Amid growing signs of trouble in the U.S. economy, Democratic presidential candidate Hillary Rodham Clinton will propose a $70-billion package today to stimulate the economy and will urge Congress to stand ready to offer a $40-billion rebate to taxpayers if the slump continues.
The New York senator's economic package, to be announced in a speech in Los Angeles, includes temporary measures to quickly inject money into the economy and help middle-class families, including housing aid, to stem foreclosures; energy assistance; and liberalized unemployment insurance.
The initiative, larger than an economic stimulus proposed last month by former Sen. John Edwards of North Carolina, one of her rivals for the nomination, comes as Clinton is trying to build on her victory in the New Hampshire primary. The package dovetails with her efforts to appeal to middle- and lower-income workers, an important part of the coalition that has backed her in early voting.
"I believe we have a lot of families who are really hurting," Clinton said Thursday in a telephone interview. "I think we're sliding toward a recession."
Bipartisan concern about a possible recession, the housing slump and rising energy prices has been growing. Federal Reserve Chairman Ben Bernanke said Thursday that the central bank may be ready to make "substantive" interest rate cuts to avoid recession. And the White House also is considering an economic stimulus plan.
The economy -- an issue that had been eclipsed on the campaign trail by the Iraq war -- is a matter of increasing attention for the candidates. Stumping in economically battered Michigan, which holds its primary Tuesday, Republican contenders have been talking more about the issue but not called for a stimulus.
Among Democrats, Edwards has proposed a $25-billion jobs plan and urged Congress to be ready to pass $75 billion more upon evidence ofa recession.
Like Edwards' plan, Clinton's approach differs from the last time Congress -- then controlled by Republicans -- enacted an economic stimulus plan. That 2003 law provided aid to states and tax breaks for businesses and individuals.

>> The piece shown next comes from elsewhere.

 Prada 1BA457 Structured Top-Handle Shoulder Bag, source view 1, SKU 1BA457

Clinton's plan packages new proposals with ideas she has championed in the past. A memo describing the plan says it meets her three principles for economic stimulus: fast-starting, temporary and progressive. The plan is designed to be immediate and to last only through 2008.
Key elements include a $30-billion fund to help states and cities stem foreclosures in the subprime mortgage crisis, and a 90-day moratorium on subprime foreclosures.

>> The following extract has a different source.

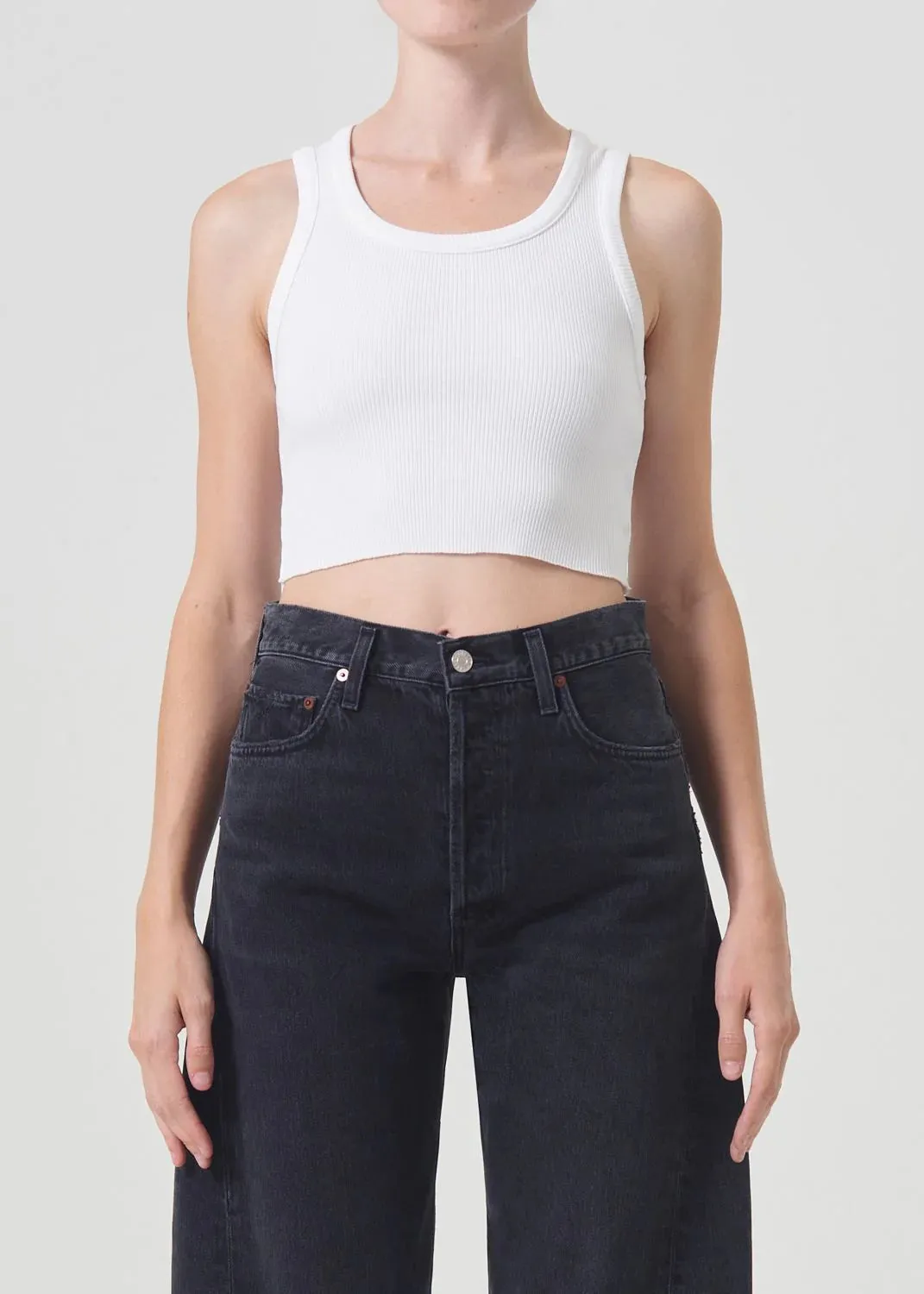 Cropped Poppy Tank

She will also propose $25 billion in emergency home-heating assistance and $10 billion to expand unemployment insurance.
If economic conditions worsen, Clinton plans to say, Congress should provide $40 billion in direct tax rebates to middle-class families.
Clinton began talking about the possible need to stimulate the economy last month in a speech on Wall Street. But Gene Sperling, one of her senior economic advisors, said Clinton moved cautiously before drawing up a plan because of concerns about adding to the federal deficit with a cash infusion to the economy.
Most of her campaign promises have included plans to offset new spending, but her stimulus plan does not.
Sperling said Clinton's decision to offer a plan now came after recent reports of continuing contraction in the manufacturing sector and last week's Labor Department report that the unemployment rate had jumped to a two-year high of 5%.
Some economists are skeptical that anything other than Fed interest-rate cuts can effectively avert a recession. They say Congress often does not manage to pass stimulus measures until it is too late.